The GC battle starter is the 90.2km Gaps Loop stage, taking on the Happy Valley climb mid-stage before heading toward the Mt Beauty side of the popular Tawonga Gap ascent and a finish line at the top. It's the steeper side of the climb, averaging 6.3% over its 7.6km, with a couple of steep ramps thrown in and is likely to straight away draw a clear line between who is in with a chance of finishing on the podium at the end of the weekend and who isn't.
Last year, two 19-year-olds, Talia Appleton and Jack Ward, won that stage and, in doing so, began their launch into the world of top-level cycling, both now having secured crucial development team contracts. Ward signed with Lidl-Trek Future Racing, and Appleton joined on board with Liv AlUla Jayco's Continental team. Appleton will be on the start line again this year, as will 2024 women's overall winner Alli Anderson, who will be joining Appleton on the Liv AlUla Jayco development team next season, along with Sophie Marr, who will also be racing in Bright.
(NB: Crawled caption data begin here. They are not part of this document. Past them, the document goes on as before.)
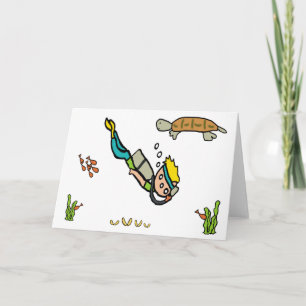 Carte Plongée sous-marine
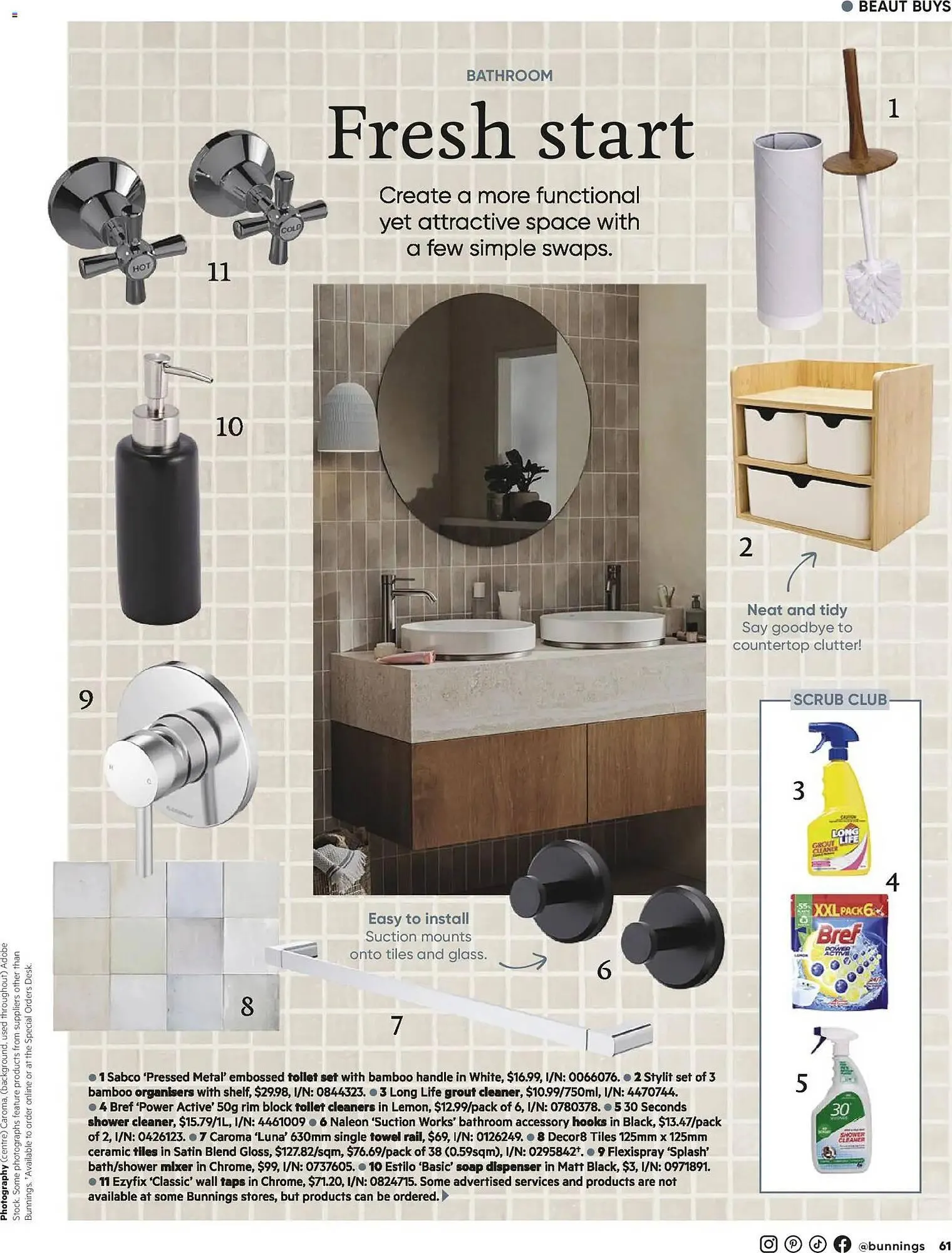 Bunnings catalogue - Catalogue valid from 28 February to 31 March 2026 - page 61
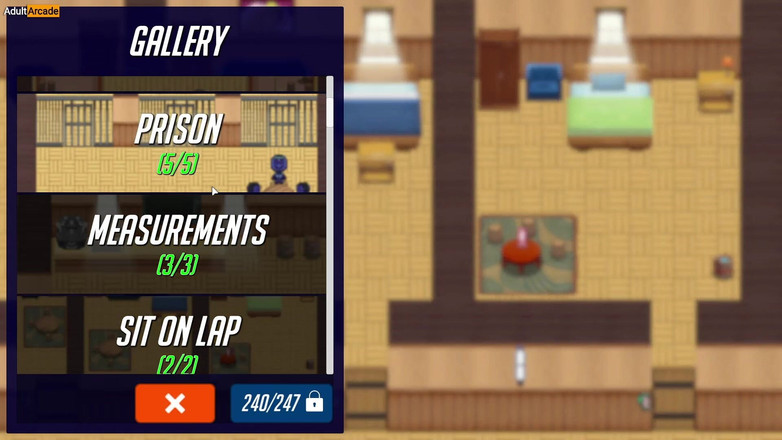 LewdArcade: Galleria di giochi porno della terza crisi [parte 05] La proprietaria del...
Saturday afternoon, it is onto stage 2, a 17.4km individual time trial that will play out in the Buckland Valley. With the two Australian time trial champions on the start line in Plapp and Chapman there should be some pretty fierce times to beat on the out and back course, especially considering the presence of Team Pursuit Olympic gold medallist Kelland O'Brien (Jayco AlUla), who also came third in the time trial at the Australia National Championships this year, plus Onley, as well as both U23 Australian title holders – Anderson and Zac Marriage. Still, there will of course be a question mark over whether or not some of the riders from further afield will drag out their time trial equipment for the club-run race, and that could have a significant impact on times.
The final chance to reshuffle the GC comes on Sunday's stage 3, with a 59.7km effort that ends at the top of Mount Buffalo, which delivers just over 1,000m of elevation gain with relatively steady gradients of 4-5% across 21km. It's a peak which Plapp likes to playfully call the "greatest mountain in the world", a view that may be coloured by his clear affection for the home training climb and hard-earned position at the top of the Strava leaderboard for the ascent, one he clinched with a scorching time at the 2023 Tour of Bright.
Still, given Plapp's unrelenting advocacy for the race that is nestled around his Australian home base in the high country of Victoria and the calibre of riders that is helping draw to the event, he may have made it a far harder task to hold onto that KOM as well as the title of overall winner at the Tour of Bright that he has scooped up the past two years.
"It used to be I'd rock up, and I was pretty confident about it," said Plapp. "Now it's going to be a lot harder to win, so I'm starting to regret who's coming and who I've invited over," he added jokingly.
Cyclingnews will be on the ground in Victoria's high country to keep you up to date through the weekend of racing.